## Work required
Practice item. Set the material below down again exactly, with no pictures.

## Collected data
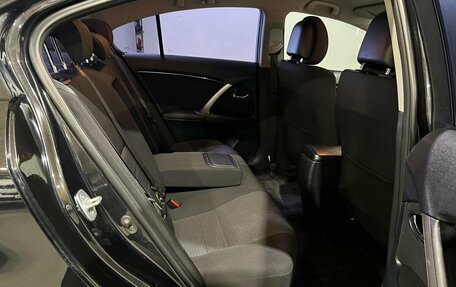 Toyota Avensis III рестайлинг, 2012 год, 1 100 000 рублей, 16 фотография
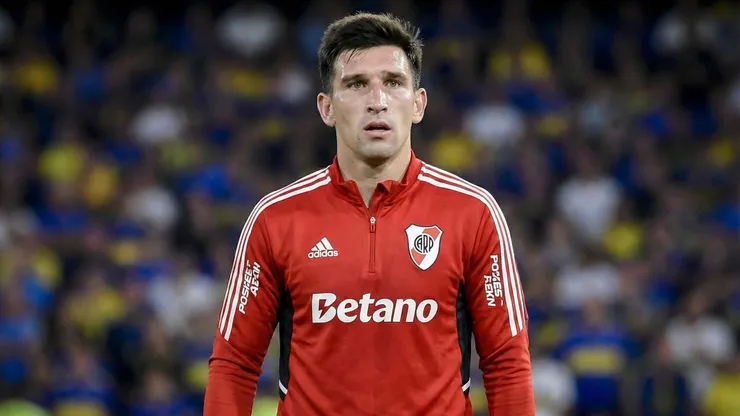 Facundo Mura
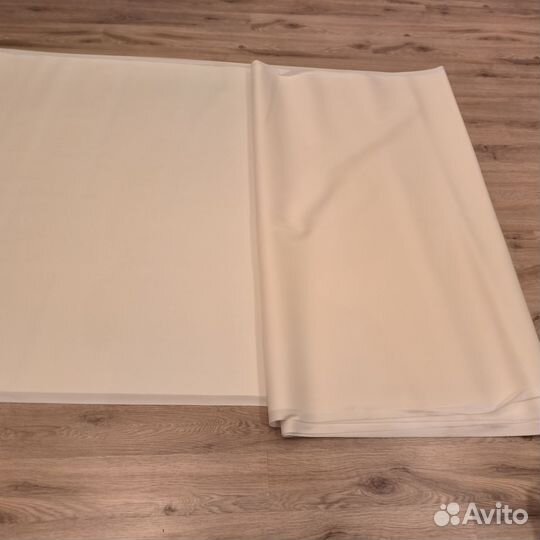 Отрез ткани искусственная кожа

## Solution below
 Toyota Avensis III рестайлинг, 2012 год, 1 100 000 рублей, 16 фотография
 Facundo Mura
 Отрез ткани искусственная кожа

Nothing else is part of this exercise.